Tornando ai mercati finanziari l’ex premier ricorda che in Europa ci sono 33 triliardi di risparmi: occorre allora una “Unione dei risparmi e degli investimenti”, per creare un moderno, integrato e attrattivo sistema finanziario europeo introducendo un sistema di supervisione con un centro forte e tante diramazioni nazionali coordinate dal centro. Solo in questo modo si potranno trovare le risorse necessarie a finanziare le tre grandi priorità della transizione: sviluppo sostenibile, giustizia sociale e innovazione. La transizione richiederà investimenti aggiuntivi per una cifra pari al 2% del Pil.

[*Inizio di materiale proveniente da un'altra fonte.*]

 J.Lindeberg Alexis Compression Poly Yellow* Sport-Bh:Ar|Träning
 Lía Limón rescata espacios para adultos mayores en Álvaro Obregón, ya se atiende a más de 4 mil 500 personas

Il tema fondamentale infatti è definire “chi paga” per la transizione verde e per qualla digitale: l’assenza di certezze sul fatto che saranno le istituzioni e il capitale privato a sostenere le transizioni provoca una diffusa convinzione che a farlo saranno le diverse categorie di lavoratori più coinvolte nei settori automobilistico, agricolo e in quello dei proprietari di case Questa preoccupazione crea malcontento e rifiuto ponendo grossi problemi sulla tenuta sociale del progetto europeo. Di qui la necessità di un piano europeo per accompagnare investimenti pubblici e privati massimizzare l’uso degli investimenti. C’è bisogno di 800 miliardi: “la transizione deve essere accompagnata, non ci devono essere i soliti perdenti, altrimenti si crea un’ulteriore divaricazione aumentando le diseguaglianze, desertificando le periferie”.
Non è solo un questione di soldi. Sono tanti gli aspetti del mercato unico da correggere. Un altro fondamentale è quello delle diverse normative commerciali e i diversi sistemi fiscali che bloccano non solo gli export delle Pmi tra uno stato membro e l’altro, ma riducono l’attrazione degli investimenti. La sua proposta è quella del “modello Delaware”: creare un 28° stato virtuale con un suo diritto che applicano tutte le imprese dell’Unione.
Oppure il settore della difesa. L’Europa ha speso 140 miliardi spesi per l’Ucraina, ma a causa dell’esistenza di 27 sistemi di difesa diversi, l’ 80% di quelle risorse sono andate a creare posti di lavoro in altri paesi in Corea, Usa e Turchia. In questi settori, il rapporto mette in luce i benefici che risulterebbero da economie di scala, evidenti per quanto riguarda l’approvvigionamento comune di armamenti.
Sul piano della semplificazione di normative e procedure, il rapporto invita a passare dalle direttive ai regolamenti direttamente applicabili in modo uniforme in tutti gli Stati membri, invece delle direttive che sono sottoposte all’attuazione nazionale.
Il rapporto Letta sposa pienamente la logica di Jacques Delors dell’economia sociale di mercato. Per quanto riguarda la circolazione delle persone, se non si correggono le attuali storture resterà sempre un viaggio di sola andata da sud verso nord e da est verso ovest dove c’è più lavoro qualificato e meglio retribuito. Non solo libertà di movimento dunque ma anche libertà di restare nel proprio paese. Preliminare a questo riequilibrio è l’uso diverso dei fondi strutturali con una riforma delle politiche di coesione. Senza dialogo sociale non c’è crescita inclusiva non c’è sostenibilità. Letta sottolinea il principio della rappresentanza e quello dell’ascolto e l’attenzione al ruolo dei territori, e il fondamentale rispetto del principio della sussidiarietà. Perché, conclude, chi crede nel modello della democrazia e di sviluppo europeo ha un compito in più: dimostrare che proprio con la democrazia e la partecipazione l’economia cresce in modo più sostenibile e la società è più forte.
Quante possibilità concrete ci sono perché queste raccomandazioni e proposte vengono recepite? Le condizioni di partenza sono negative, ma la storia dell’integrazione europea per ora non ha contraddetto le parole di Jean Monnet: “L’Europa sarà forgiata nelle crisi e sarà la somma delle soluzioni adottate per quelle crisi”.